Founded in 1891, “The MAC” has become Oregon’s and one of the nation’s most storied athletic clubs, and has shaped the course of the state’s sports world for more than a century. The club was incorporated on February 28, 1891 through the efforts of 26 amateur sports athletes and enthusiasts, led by photographer Arthur B. McAlpin. They spun off from a group of 150 men who had contentiously met earlier in the week to form just such a club.
The Multnomah Amateur Athletic Club charged an initiation fee of $10. In a month, the club had grown to 200 members and the initiation fee had grown to $25.
In April, the club leased the third-floor of a building in downtown Portland and proceeded to purchase equipment from the Chicago-based Spalding Company, and then hired a gymnastics instructor. The club also featured a room with three billiards tables.
The MAAC delved into team competition in summer with the formation of a baseball team and formed a football team in fall. It also sponsored athletes for individual competitions and created events that attracted competitors from throughout the West, including Vancouver, B.C. From its first game against the Tacoma Athletic Club, the MAAC’s football team developed a national reputation for success, posting a record of 58 wins, 17 losses and 13 ties through 1905. It regularly played college programs, including a loss to Stanford in 1894.
Members of the MAAC competed in events from the athletic spectrum, from shooting to swimming to cycling to bowling from its opening. The club also developed its social side, sponsoring smokers, cultural exhibitions and events such as “Ladies Nights,” throughout its first decade. The club sent the first of its members to an Olympic Games in 1906.

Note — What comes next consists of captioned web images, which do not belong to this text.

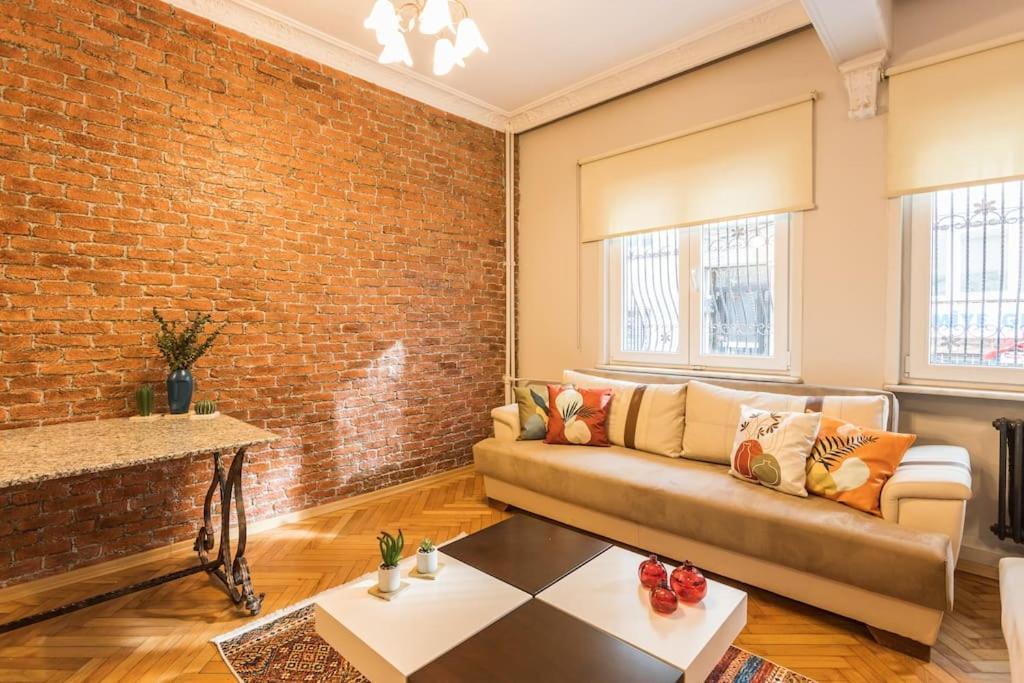 Apartment Luxury & Spacious 1br Near Cvk Bosphrous Taksim Istanbul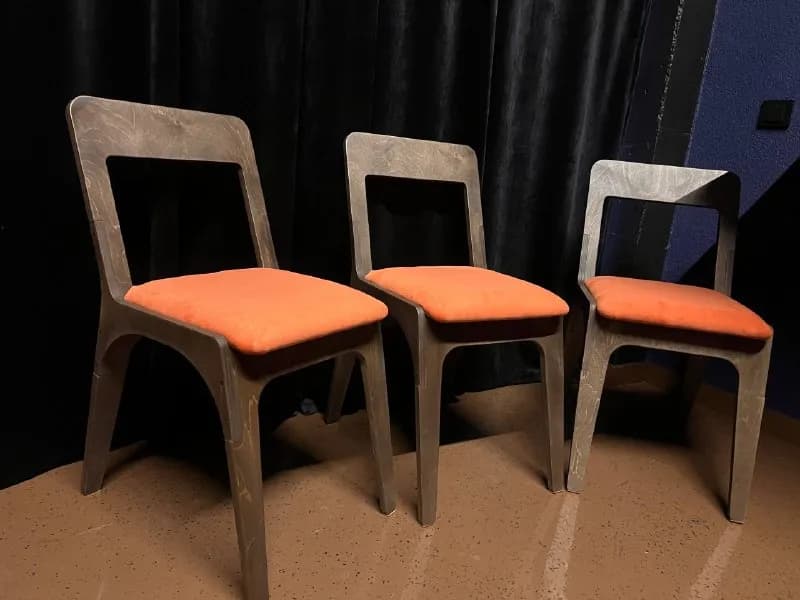 6 новых стульев — Батуми — 150 ₾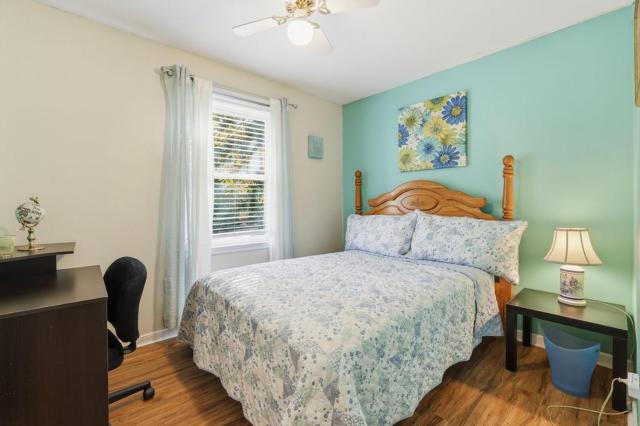 Next Stop! Comfort! 3 BR Near Amtrak Station!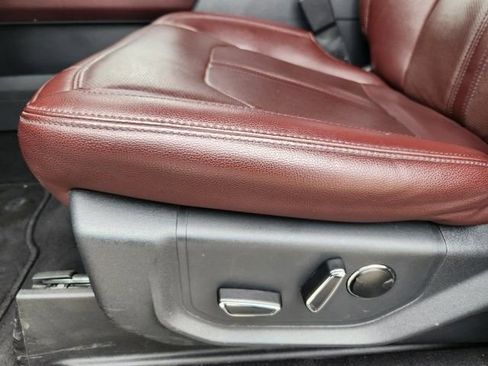 Used 2023 Ford Expedition Limited RWD image 23
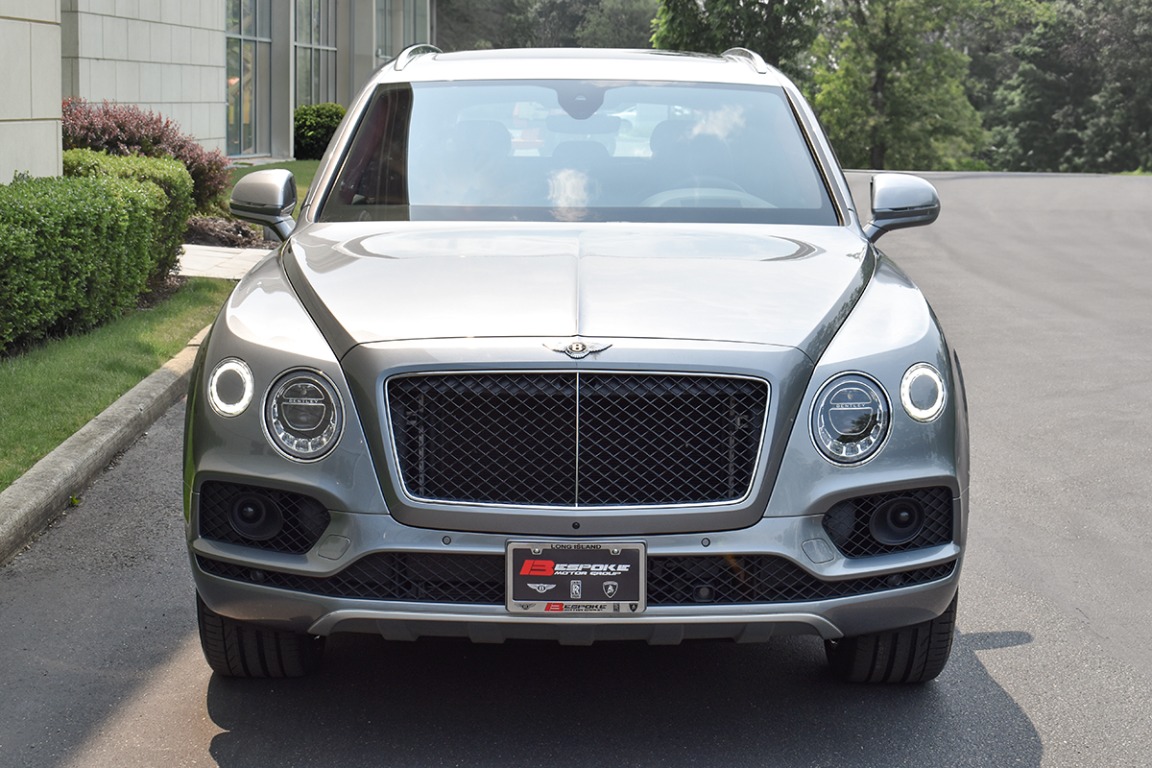 2019 Bentley Bentayga Image 8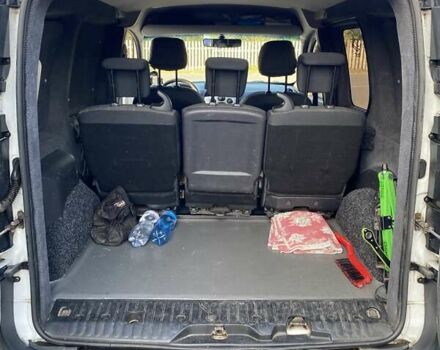 Белый Рено Кенгу, объемом двигателя 1.5 л и пробегом 290 тыс. км за 6000 $, фото 11 на Automoto.ua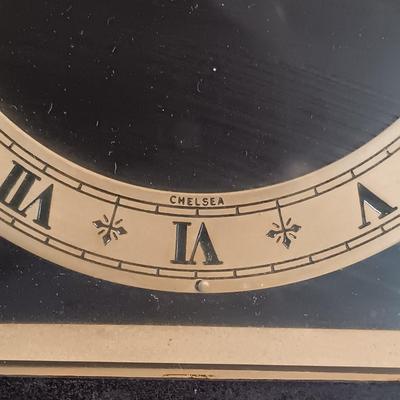 LOT 6: Hammond Clock Co. Bakelite Cathedral Clock, Jahresuhren-Fabrik G.m.b.H. Clock & Chelsea 8-Day Desk Clock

The club constructed its first clubhouse at Southwest 10th and Yamhill in 1900 on land it purchased the previous year. At the time, the club promoted regular bathing, which it promoted as decreasing ailments, and charged members for towels.
The club removed “amateur” from its name in 1936. Since its beginnings, dozens of club members have competed in Olympics Games. It has built and rebuilt several clubhouses, including two destroyed by fire, and constructed the concrete grandstand for Multnomah Stadium in 1926. The grandstand is still in use as part of Jeld-Wen Field. The club even survived a movement that would have made it a social club in the early 1960s. It required members, starting in 1965, to be talented athletes, and expanded its clubhouse through the sale of Multnomah Stadium to the City of Portland for $2.1 million in 1966.
Membership has surpassed 20,000 and the current clubhouse of 550,000 square feet has allowed it to be called the largest indoor athletic club in the world. It was inducted to the Oregon Sports Hall of Fame in 1984.
Amazingly, the club’s emblem, “Winged M,” has remained virtually unchanged since its creation shortly after the club opened.